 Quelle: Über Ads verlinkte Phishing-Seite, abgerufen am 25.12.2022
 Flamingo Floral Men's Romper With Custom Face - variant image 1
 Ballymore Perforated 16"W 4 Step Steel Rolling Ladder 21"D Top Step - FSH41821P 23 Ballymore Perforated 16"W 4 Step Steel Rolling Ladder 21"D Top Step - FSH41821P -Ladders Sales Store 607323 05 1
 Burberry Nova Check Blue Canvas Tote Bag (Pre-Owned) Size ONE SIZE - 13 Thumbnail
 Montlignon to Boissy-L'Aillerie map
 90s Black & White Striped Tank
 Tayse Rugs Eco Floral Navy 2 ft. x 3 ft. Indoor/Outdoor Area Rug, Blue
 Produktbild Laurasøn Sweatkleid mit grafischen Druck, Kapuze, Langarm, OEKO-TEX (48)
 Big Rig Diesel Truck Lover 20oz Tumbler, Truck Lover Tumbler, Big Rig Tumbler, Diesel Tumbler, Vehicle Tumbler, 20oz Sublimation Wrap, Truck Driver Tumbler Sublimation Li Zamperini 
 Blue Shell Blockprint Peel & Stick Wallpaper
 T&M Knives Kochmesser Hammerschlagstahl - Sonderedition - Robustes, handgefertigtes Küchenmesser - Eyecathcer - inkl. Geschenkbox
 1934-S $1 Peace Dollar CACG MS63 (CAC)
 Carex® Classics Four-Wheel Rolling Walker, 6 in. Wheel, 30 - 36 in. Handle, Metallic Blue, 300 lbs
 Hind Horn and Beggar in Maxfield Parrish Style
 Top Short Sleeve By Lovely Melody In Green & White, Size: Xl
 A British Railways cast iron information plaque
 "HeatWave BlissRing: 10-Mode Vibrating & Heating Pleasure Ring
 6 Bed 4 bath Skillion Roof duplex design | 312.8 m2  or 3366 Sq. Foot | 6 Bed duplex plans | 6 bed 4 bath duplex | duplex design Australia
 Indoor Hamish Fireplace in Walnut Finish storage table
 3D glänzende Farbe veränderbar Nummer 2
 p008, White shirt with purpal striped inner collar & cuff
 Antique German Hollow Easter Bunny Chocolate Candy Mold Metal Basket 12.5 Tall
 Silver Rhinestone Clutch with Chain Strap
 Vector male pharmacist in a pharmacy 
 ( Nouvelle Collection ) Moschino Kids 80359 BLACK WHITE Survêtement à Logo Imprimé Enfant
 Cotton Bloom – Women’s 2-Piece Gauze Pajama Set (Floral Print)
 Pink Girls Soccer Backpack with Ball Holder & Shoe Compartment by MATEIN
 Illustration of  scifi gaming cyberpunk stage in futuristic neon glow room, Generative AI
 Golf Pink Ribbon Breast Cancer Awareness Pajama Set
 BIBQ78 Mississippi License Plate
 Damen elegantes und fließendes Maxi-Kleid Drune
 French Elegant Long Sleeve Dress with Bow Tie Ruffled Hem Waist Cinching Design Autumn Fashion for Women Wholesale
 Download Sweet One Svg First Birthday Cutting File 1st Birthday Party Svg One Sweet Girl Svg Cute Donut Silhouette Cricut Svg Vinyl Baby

WHAT YOU WILL DO :: Reproduce the lines word for word, starting at the one holding "Golf Pink Ribbon" and ending at the final line of the material above.

TASK OUTPUT ::
 Golf Pink Ribbon Breast Cancer Awareness Pajama Set
 BIBQ78 Mississippi License Plate
 Damen elegantes und fließendes Maxi-Kleid Drune
 French Elegant Long Sleeve Dress with Bow Tie Ruffled Hem Waist Cinching Design Autumn Fashion for Women Wholesale
 Download Sweet One Svg First Birthday Cutting File 1st Birthday Party Svg One Sweet Girl Svg Cute Donut Silhouette Cricut Svg Vinyl Baby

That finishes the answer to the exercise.